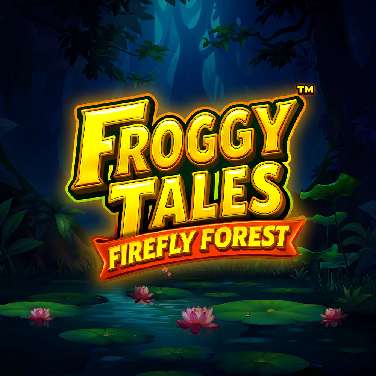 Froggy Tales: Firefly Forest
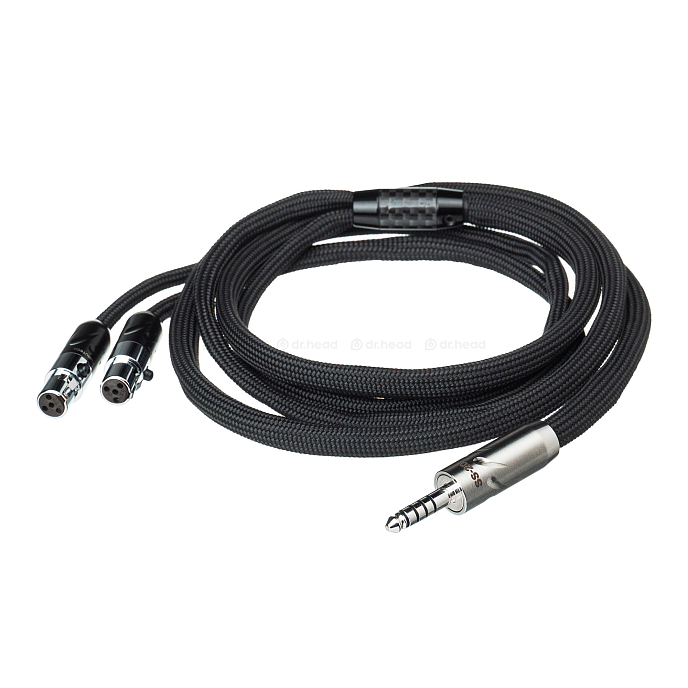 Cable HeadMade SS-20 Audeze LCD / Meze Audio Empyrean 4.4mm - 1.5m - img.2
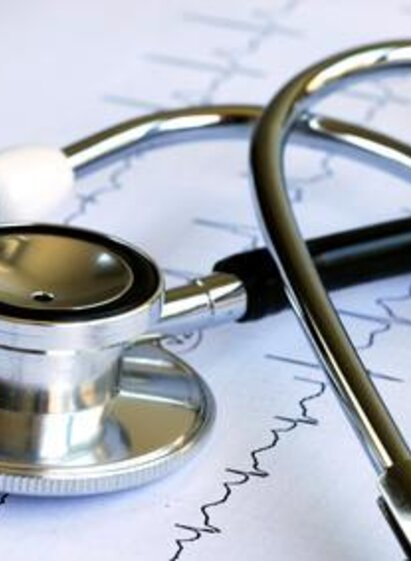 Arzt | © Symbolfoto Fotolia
--
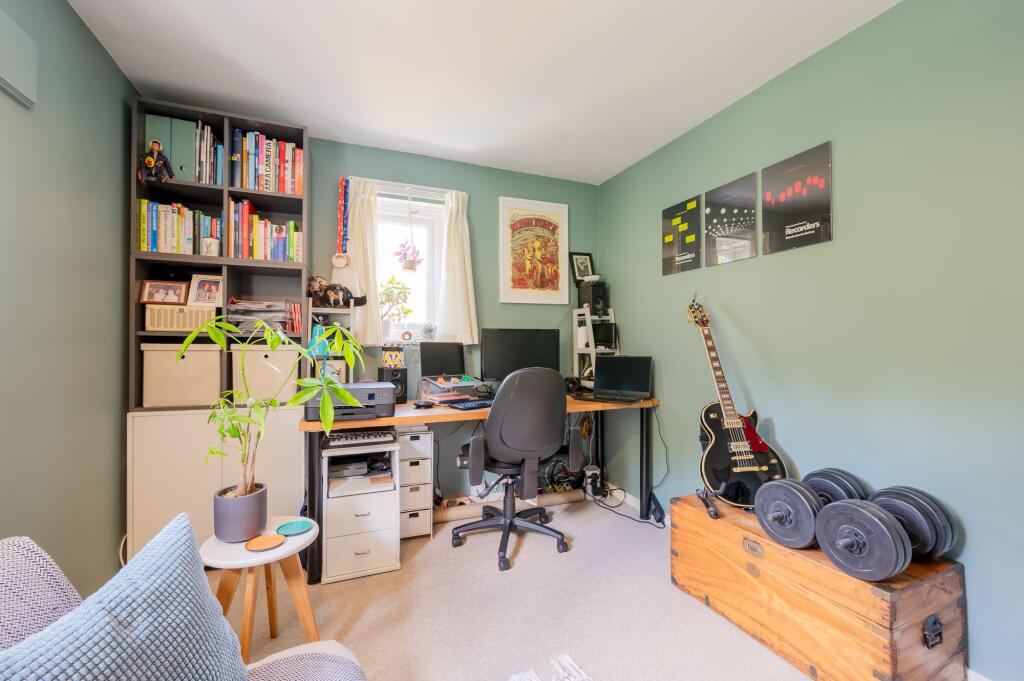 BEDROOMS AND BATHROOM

What is expected = Go to the line above holding "Froggy Tales: Firefly Forest", then copy exactly each line down to and including the one holding "Arzt | © Symbolfoto Fotolia", leaving pictures out.

Exercise answer =
 Froggy Tales: Firefly Forest
 Cable HeadMade SS-20 Audeze LCD / Meze Audio Empyrean 4.4mm - 1.5m - img.2
 Arzt | © Symbolfoto Fotolia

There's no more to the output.